After several such performances, a rolling buzz started
to circulate about the petite young lady with the cool
guitar technique and the sultry, bluesy voice. One quickly
enraptured fan was Harith Abdullah, proprietor of local
record label The Rev Records.
“Everyone
plays guitar and sings,” says Abdullah, “but some people
have a certain extra something that you can’t put your
finger on. . . . She just seems like she inhabits her
music; that it’s not something she does, but an essential
part of her being. I know it sounds ridiculous, but the
moment you see her play, this sentiment is undeniable.
So last year, when I started The Rev up, Ashley was one
of my first thoughts.”
Dala,
released by The Rev Records last month and the subject
of a CD-release party this Saturday at Valentine’s, was
recorded—as part of a class project—by Saint Rose alumnus
(and Pond’s boyfriend) Ryan Slowey, who also contributed
lead guitar on “We Don’t Give Up.” Saint Rose vocal coach
Kelly Bird provided harmony on Dala’s opening track,
“Too Low.”
“This
recording is a compilation of songs I wrote between 2004
and 2006,” Pond explains. “I wanted to make a really succinct
album, minimal in instrumentation, and decidedly personal.
Dala was a title I came up with based on a song
I wrote called ‘The Dala Horse.’ It’s a symbol of holding
on and letting go.”
A touch of the supernatural had a profound effect upon
one of the album’s most intriguing songs.
“‘We
Don’t Give Up’ was written two winters ago,” says Pond.
“My aunt had just passed away, and I was feeling defeated.
She was a brilliant woman, and I admired her tremendously.
It was such a blow. Some time went by after her passing,
and then I had this strange dream—strange in that seeing-dead-relatives
sort of way.

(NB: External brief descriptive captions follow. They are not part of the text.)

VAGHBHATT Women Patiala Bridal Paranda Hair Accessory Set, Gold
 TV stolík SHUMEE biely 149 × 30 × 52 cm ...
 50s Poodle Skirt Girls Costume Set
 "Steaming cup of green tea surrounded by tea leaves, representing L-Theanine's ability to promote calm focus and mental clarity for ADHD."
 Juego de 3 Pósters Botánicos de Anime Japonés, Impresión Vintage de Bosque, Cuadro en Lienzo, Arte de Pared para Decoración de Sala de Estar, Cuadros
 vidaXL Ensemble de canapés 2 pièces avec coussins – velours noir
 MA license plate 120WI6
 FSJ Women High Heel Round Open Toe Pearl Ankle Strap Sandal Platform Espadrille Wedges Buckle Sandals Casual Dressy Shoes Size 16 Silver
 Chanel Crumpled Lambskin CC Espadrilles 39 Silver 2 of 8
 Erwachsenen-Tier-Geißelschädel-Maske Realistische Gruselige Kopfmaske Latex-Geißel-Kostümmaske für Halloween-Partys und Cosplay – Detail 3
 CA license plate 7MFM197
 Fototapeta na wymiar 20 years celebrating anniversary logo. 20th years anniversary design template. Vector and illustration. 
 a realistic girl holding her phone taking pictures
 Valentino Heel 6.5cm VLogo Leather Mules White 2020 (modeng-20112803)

In the dream, I was sitting in an empty auditorium.
My aunt sat down beside me, looked me square in the face
and said, ‘If you’re going to do it, just do it.’ It’s
just a dream, but it reminded me of something she might
say. That ‘take charge’ kind of mentality. It was a push
in what I think is the right direction.”
Speaking of new directions, Pond has also started to broaden
her music’s framework by bringing new musicians on board.
“I’ve been working with Sarah Clark [of area rock band
Charmboy] on bass and Scott Smith on drums,” she says.
“It’s really coming together well, and I’ll be featuring
them on a few new songs I’ve written at the CD-release
show.”
With appearances and airplay on local radio stations like
WAMC and Exit 97.7, and a win for Metroland’s Best
New Solo Artist in this year’s Best Of issue, Pond’s budding
musical career has been gaining an impressive amount of
momentum. To Abdullah, it’s a testament to Pond’s personality
as well as her innate talent.
“Ashley
is a dream to work with. She’s motivated and hard-working,
and she has such clearly defined goals. She knows what
she wants done and she has no trouble communicating that
to us. I just couldn’t be happier about this record.”
For Mac Haffie, Dala is part of what he first noticed
long ago in that school cafeteria performance. “She has
always had great vocals, but her skill on the guitar and
tone of her playing has just exploded. . . . Ashley Pond
is truly a musical force to be reckoned with.”
Ashley
Pond will celebrate the release of her debut CD, Dala,
Saturday (Oct. 6), at Val en tine’s (17 New Scotland Ave.,
Albany), with special guests Space Lounge and Sgt. Dunbar
and the Hobo Banned. Doors open at 8 PM. Admission is
$5, and CDs will be available for a discounted price.